In: Finance
You have just won the Kryshak lottery and you are given the following options to receive your winnings:
1. A lifetime annuity of $480,000 per year, with the first payment occurring one year from today. Your life expectancy is 40 years. (You will receive 40 payments)
2. A payment of $461,050 per year for 30 years (30 payments) with the first payment made immediately.
3. $7,945,000 five years from now. If your opportunity cost is 9%, which should you pick
please respond in business calculator form
The question is solved by calculating the present value of the three options.
1.Information provided:
Annuity= $480,000
Time= 40 years
Interest rate= 9%
Enter the below in a financial calculator to compute the present value:
PMT= 480,000
I/Y= 9
N= 40
Press the CPT key and PV to compute the present value.
The value obtained is 5,163,532.89.
Therefore, the present value is $5,163,532.89.
2.Information provided:
Annuity= $461,050
Time= 30 years
Interest rate= 9%
The question is concerning finding the present value of an annuity due. Annuity due refers to annuity that occurs at the beginning of a period.
This can also be solved using a financial calculator by inputting the below into the calculator:
The financial calculator is set in the end mode. Annuity due is calculated by setting the calculator to the beginning mode (BGN).
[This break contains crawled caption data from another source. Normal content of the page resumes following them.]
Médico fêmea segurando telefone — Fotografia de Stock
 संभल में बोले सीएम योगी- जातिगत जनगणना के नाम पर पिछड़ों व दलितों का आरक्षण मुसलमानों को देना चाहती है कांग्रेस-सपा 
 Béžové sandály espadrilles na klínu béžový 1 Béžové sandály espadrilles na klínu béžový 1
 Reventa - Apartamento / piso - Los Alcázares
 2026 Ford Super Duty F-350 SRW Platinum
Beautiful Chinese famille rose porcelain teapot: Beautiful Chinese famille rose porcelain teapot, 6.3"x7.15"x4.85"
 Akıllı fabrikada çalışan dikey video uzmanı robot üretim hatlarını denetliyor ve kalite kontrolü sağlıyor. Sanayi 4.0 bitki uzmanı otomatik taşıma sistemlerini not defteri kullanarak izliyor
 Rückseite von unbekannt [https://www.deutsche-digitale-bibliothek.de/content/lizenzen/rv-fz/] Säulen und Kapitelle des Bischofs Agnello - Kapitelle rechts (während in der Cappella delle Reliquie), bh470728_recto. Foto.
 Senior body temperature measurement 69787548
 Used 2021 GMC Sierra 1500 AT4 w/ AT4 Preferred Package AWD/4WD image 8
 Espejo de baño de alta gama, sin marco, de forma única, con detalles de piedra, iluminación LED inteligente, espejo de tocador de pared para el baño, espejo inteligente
To do this, press 2ndBGN 2ndSET on the Texas BA II Plus calculator.
Enter the below in a financial calculator in BGN mode to compute the present value:
PMT= 461,050
I/Y= 9
N= 30
Press the CPT key and PV to compute the present value.
The value obtained is 5,162,968.33.
Therefore, the present value is $5,162,968.33.
3.Information provided:
Future value=$7,945,000
Time= 5 years
Interest rate= 9%
Enter the below in a financial calculator to compute the present value:
FV= 7,945,000
N= 5
I/Y= 9
Press the CPT key and PV to compute the present value.
The value obtained is 5,163,704.86.
Therefore, the present value is $5,163,704.86.
Therefore, I would pick the third option since it has the highest present value.